The nuclear fraction of the precipitate was dispersed in 200 µL of PIPA buffer, and the cell nuclei were disrupted using a Bioruptor UCD-250 (250 W, 30 s ON/30 s OFF/20 cycles). Centrifugation was then performed at 15,000 rpm for 15 min to obtain the nuclear fraction of the supernatant. These extracts were quantified with a Pierce BCA protein assay kit, heat-denatured at 95 °C for 5 min, and subjected to 10% polyacrylamide gel SDS electrophoresis. For western blot analysis of cells, the separated proteins were electrophoretically transferred onto a polyvinylidene difluoride membrane.
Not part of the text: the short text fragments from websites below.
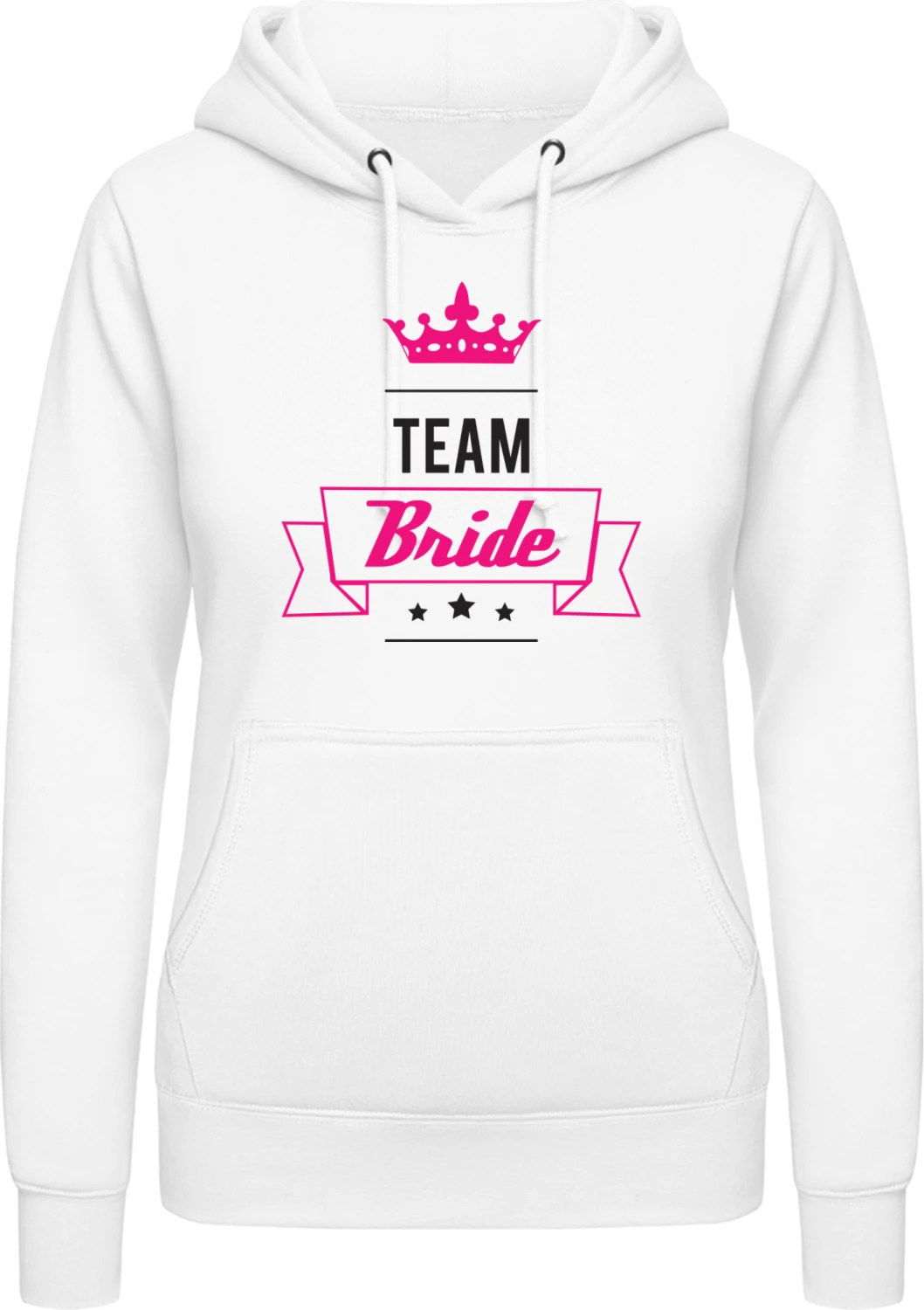 Team Bride Crown - Arctic white AWDis ladies hoodie - Front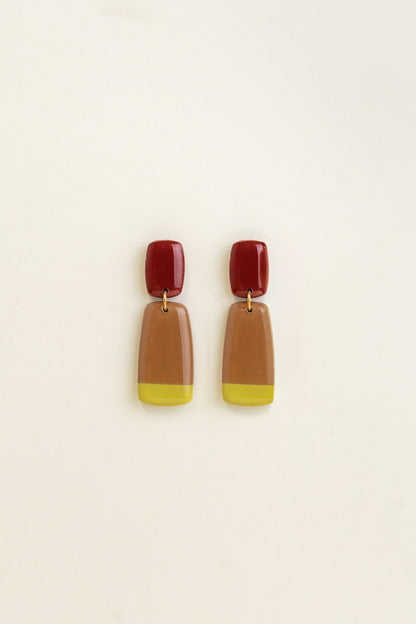 Earrings Juna - Burgundy / Cinnamon / Lime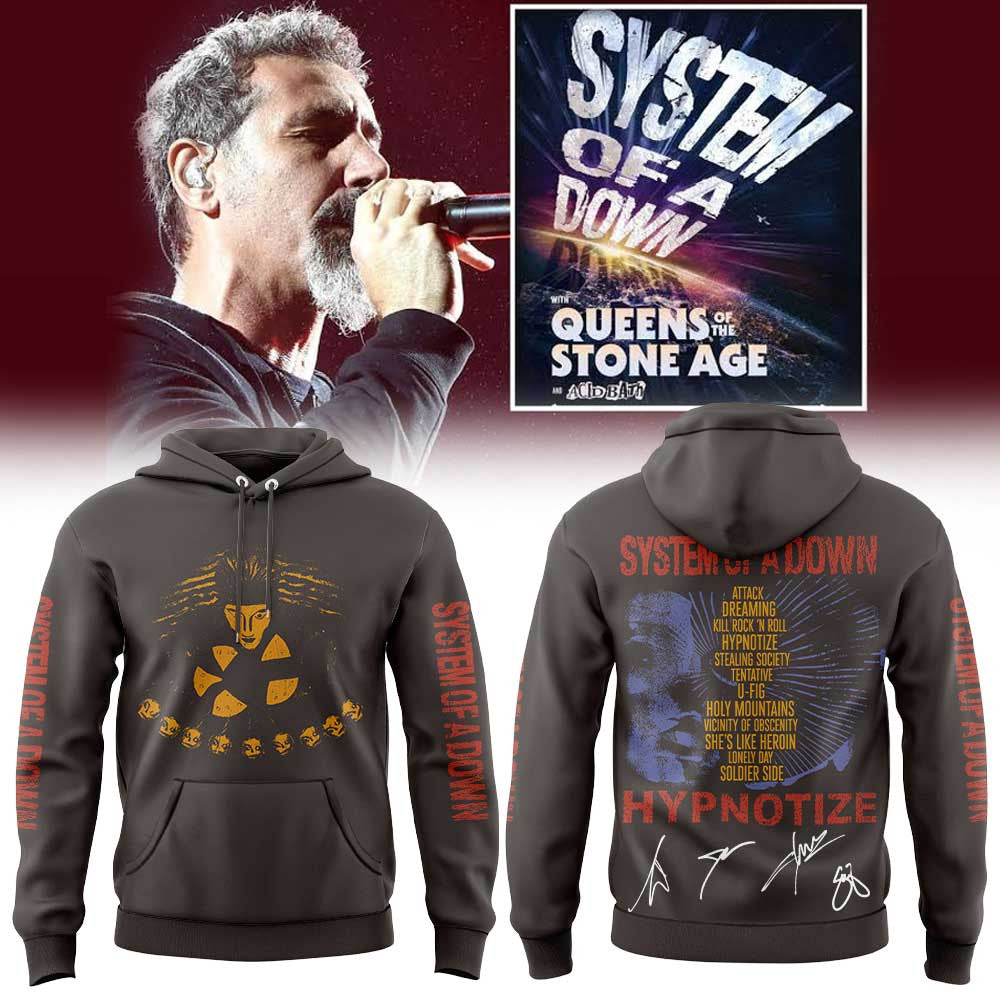 System Of A Down Merch European Tour 2026 Signed Hoodie System Of A Down Hooded Sweatshirt - Foxy23shop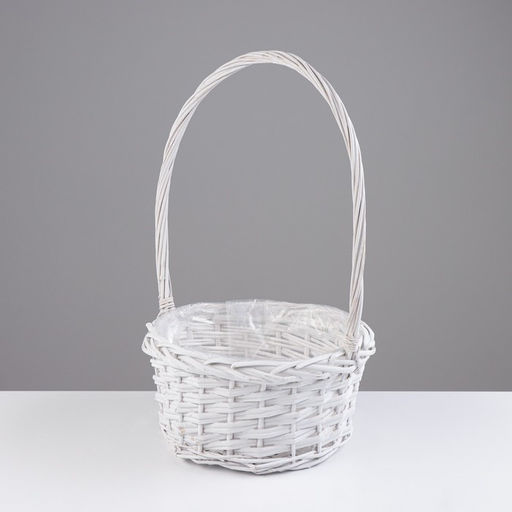 Корзина плетёная для хранения «Плетёнка», ива, круглая, белая, набор 3 шт.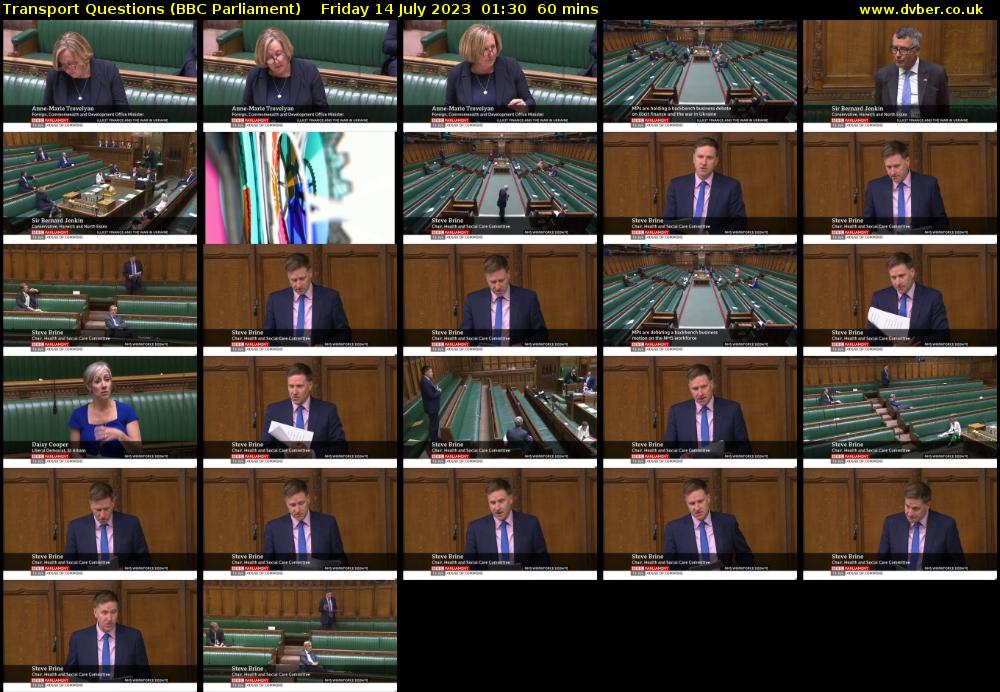 Transport Questions (BBC Parliament) Friday 14 July 2023 01:30 - 02:30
Then the membranes were incubated with primary antibodies including αSMA (1:100; Abcam, Cambridge, UK), h-caldesmon (1:200; Santa Cruz Biotechnology, Santa Cruz, CA), renin (1:200; Proteintech Group, Rosemont, IL), and LXRα (1:4000; Abcam) overnight at 4 °C, washed, and incubated with horseradish peroxidase-conjugated goat anti-rabbit (Jackson ImmunoResearch, West Grove, PA, USA) used for renin and LXRα or with anti-mouse IgG (Jackson ImmunoResearch) used for αSMA and h-caldesmon. Finally, the membranes were treated with chemiluminescent reagent, exposed to a cooled CCD camera (LAS-3000 Mini; Fujifilm, Tokyo, Japan) with which the images were acquired. Each protein was quantified and normalized by β-actin using Image J (NIH, Bethesda, ML, USA).
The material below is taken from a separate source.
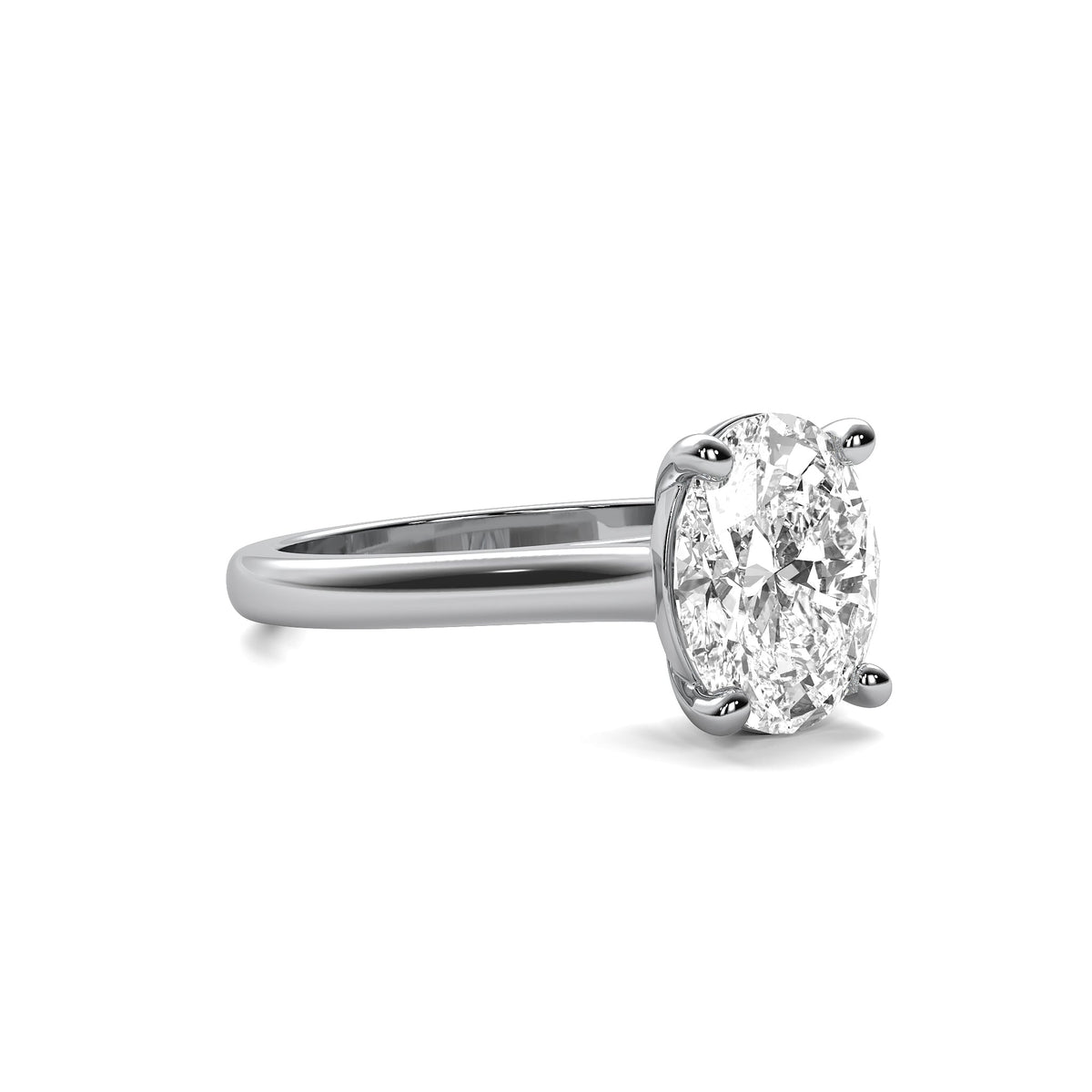Cathedral Oval Solitaire Diamond Ring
Measurement of renal renin and angiotensin II (Ang II) in renal medulla
At 60 weeks of age, five rats from each group were decapitated, and the right kidney was immediately removed. The left kidney was also used to extract protein from the renal medulla, and renin expression was evaluated by western blotting. The right kidney was easily removed and placed in an Eppendorf tube and stored in liquid nitrogen. Later, the stored material was thawed, and the peptides eluted using Sep-Pak C18 cartridges (Waters Associates, Milford, MA, USA). The eluate was dried and separated by centrifugation, further purified by a Shodex column (OPD-50, Showa Denko, Tokyo, Japan), and the intrarenal Ang II was measured using a radioimmunoassay as described previously [15].
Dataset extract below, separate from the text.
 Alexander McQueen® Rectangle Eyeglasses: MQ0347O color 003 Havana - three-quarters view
RNA-sequence and ATAC-sequence analyses of renal MSCs
RNA sequencing analysis (RNA-seq, Rhelixa, Tokyo, Japan) was performed on 5 × 104 cells from each group of cultured MSCs from each litter of rats [16], and the variation in expression of each gene in renal MSCs from each group was quantitatively evaluated. Furthermore, assay for transposase-accessible chromatin (ATAC) sequencing analysis (ATAC-seq, Takara Bio, Shiga, Japan) was performed on cultured MSCs from rats in Control and LP using 5 × 104 cells in each group. ATAC-seq is an experimental method that can map the accessibility of chromatin by selectively detecting and sequencing open chromatin structures on a genome-wide basis [17] and can identify enhancers, or regulatory regions that activate transcription, within the extracted open chromatin regions. This method identifies regulatory regions that activate transcription, known as enhancers, in the extracted open chromatin regions. In other words, we identified regions where ATAC-seq signals were increased and activated. We identified the regions with a large difference in activation peaks between the two groups, and in particular, the regions where the distance between the transcriptional regulatory region and its target gene was close, i.e., genes that are considered to be more involved in the transcription process. By identifying genes with large differences between the two groups in the results and in the magnitude of expression variation determined by RNA-seq, we could identify genes that may be contributing to the differences in open chromatin regions between the two groups.
Statistical analysis
All results are expressed as mean ± standard error (SE). Significant differences between groups were analyzed with a t-test and Mann–Whitney U test by Stat Mate-III software (Atom, Tokyo, Japan), with P < 0.05 indicating statistically significant differences.
Results
Phenotype, body weight, and BP in each rat group
Figure 1a shows the phenotypes of offspring rats in each group at 3 weeks of age. LP showed sparse body hair and poor hairiness compared to the other two groups. The number of litters per fetus was significantly (P < 0.05) higher in Control than in LP and LPT (Fig. 1b). Body weight (BW) in LP and LPT was significantly (P < 0.05) lower than BW in Control after birth, and BW in LPT was significantly (P < 0.05) higher than BW in LP (Fig. 1c). BP in LP was significantly (P < 0.05) higher than BP in Control and LPT after 44 weeks of age. There was no difference in BP between Control and LPT (Fig. 1d).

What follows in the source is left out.